Scott - what is power draw are you getting from the 4 nodes setup you have in EL4000? I am debating about downsizing my current lab using the same setup.
My EL4000's onboard power meter claims around 120W average. That seems high if it's a per-node number, but low for 4 nodes. So I'm not really sure how much power it's drawing.
However, I also have an EL1000 with a single M510 sitting here. The EL1000 is the single-node cousin of the EL4000. This one has 2x 32G DIMMs, 1x 1T Sabrent Rocket 4 M.2 SSD, a 500W AC power supply, and a 2x40G ConnectX-3 card installed. Since it has a single node, it's a lot less ambiguous, and it's also plugged into a metered PDU at the moment.
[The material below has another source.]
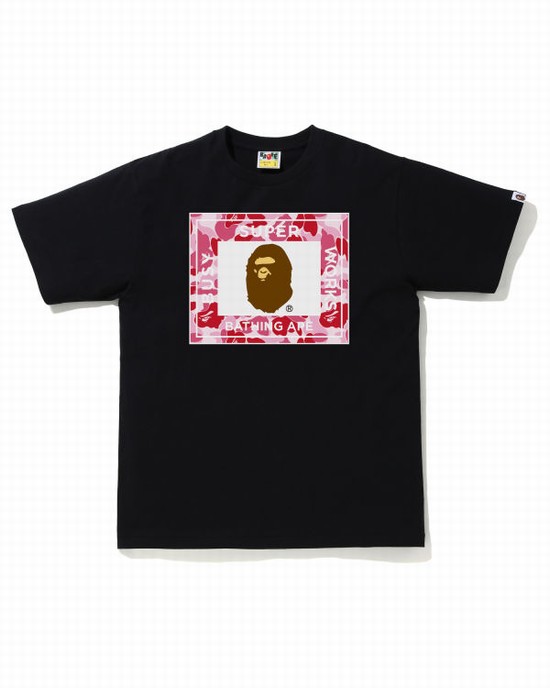 Pánské Tričko Bape ABC Camo Super Busy Works Růžové | 56420SNAD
So I have good data on power for it.
With the M510 off, the chassis draws around 21W. Booting Ubuntu 22.04 over the network (via iLO) peaked around 110W, and then dropped to ~82W while installing the first time. It kept getting louder and louder, and I finally realized that I'd left it sitting with the fan intake blocked. Oops. After that, it dropped to ~63W while installing and 53W at the Ubuntu login prompt. So I guess it *could* draw ~20W for the chassis, ~7W for the Mellanox NIC, and ~26W for the M510. That'd make 120W for an EL4000 possible.
FWIW, the EL1000 is kind of neat, although I wish it was small enough to fit 2 onto a 2U shelf. As it is, it's the size of a moderately small desktop PC (7 liters--not tiny, but compact). 2x PCIe x8 slots, 1 PS, 2x 2.5" SATA bays, 2x optional Mini-PCI slots for WiFi + LTE. Unfortunately, all I could find for cheap was the 2x 1G model, but there's a 2x SFP+ model out there somewhere.